Different types of programs can be distinguished by the color of the dot located in the middle of the left side of the card, and by the icon on the bottom right corner of the card (within which the strength number on icebreakers is located). The following icons and colors are used:
Hardware: You may have any number of pieces of hardware installed at any given time. Installing a piece of hardware takes an action.
Resource: You may have any number of resources in play. Installing each one takes an action. During the course of the game, if the Corporation gives you a tag, it can trash one of your resources by taking an action and paying .
Prep: You play a prep as an action, pay its cost, and then trash it. Preps are the only cards you trash right after you play them.
We and the Runner have each taken our starting bit pools (5) from our respective bit banks. As per standard operating procedure, we place our bit pool next to R&D, to represent the HQ data fort.
Next, we draw five cards from R&D, and the Runner draws five from his or her stack. Our cards turn out to be the sentry ice Code Corpse, the wall ice Fire Wall, the code gate ice Keeper, the node Rockerboy Promotion, and the upgrade Red Herrings. We then make the mandatory draw to begin our turn, which produces the operation Accounts Receivable as our sixth card. Now we are ready to take our three actions for the turn.
Our first priority is to put ice on vulnerable forts to keep the Runner from stealing our agendas. We are never quite sure what R&D is up to, and for all we know, the next card of R&D could be an agenda. Therefore it makes sense to install ice on that data fort. And while we have no agendas stored in HQ, we do have a node and an upgrade that the Runner could trash if they were accessed, so we would like to protect HQ as well.

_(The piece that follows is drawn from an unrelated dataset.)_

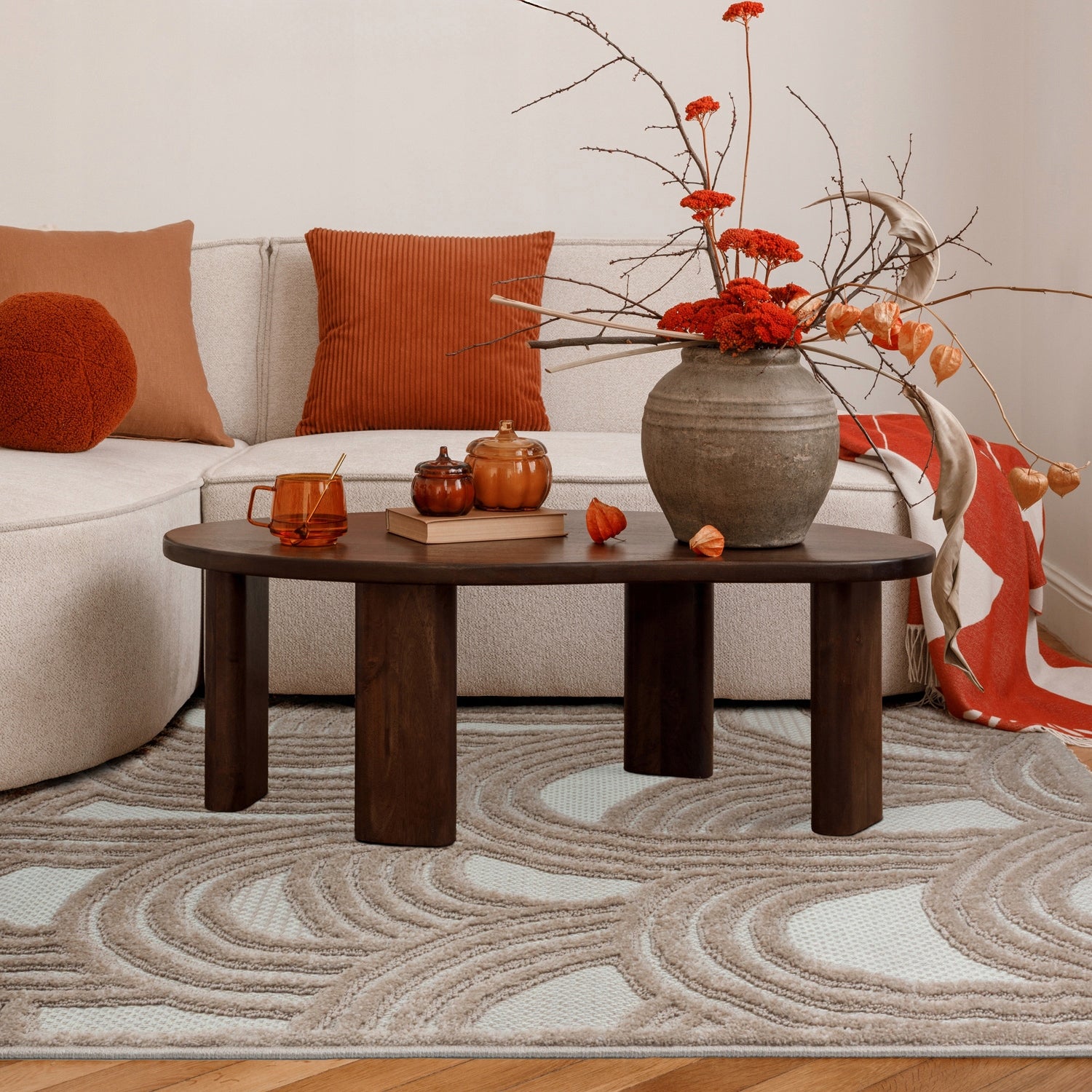 Living Room Rug Large 160x230 Duplex 3D Soft Fashionable Modern Durable EAN (GTIN) 5904024203346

Having determined that we must protect both our forts if possible, we consider the ice we have available. The first ice card on each fort is installed for free, but if we can't pay to rez a card, it won't stop the Runner if the Runner decides to ignore it and run the fort, so our first concern is whether we can rez our cards. Our Fire Wall costs 5 to rez, Keeper costs 4, and Code Corpse costs 10. Our starting 5 does not allow us to rez any two of these ice, but playing Accounts Receivable will increase our bit pool to 9, giving us just enough bits to rez Fire Wall and Keeper (as long as we don't install them both on the same data fort, which would cost us 1 for the second ice installed). So we decide to spend our three actions playing Accounts Receivable, installing Fire Wall on R&D, and then installing Keeper in front of HQ. Running Bit Total: Runner: 5; Us: 9
While the Corp was going about its business, you were looking at your hand. The five cards you drew were The Short Circuit (a resource), the preps Score! and Livewire's Contacts, the program Force Shield, and Zetatech Mem Chip (hardware). Checking out the playing field, you see that the Corp has installed ice in front of R&D and in front of HQ, and has the bits to use them. Making a run on either fort right now would be risky, since either ice could be a sentry. Running into a code gate or wall wouldn't be too bad, though, as chances are the ice would simply end your run, but a sentry could easily trace you to your location or slap you with some Net damage-or do something just as depressing. Force Shield would help with the Net damage, but some sentries trash programs, and you wouldn't have any defense against that.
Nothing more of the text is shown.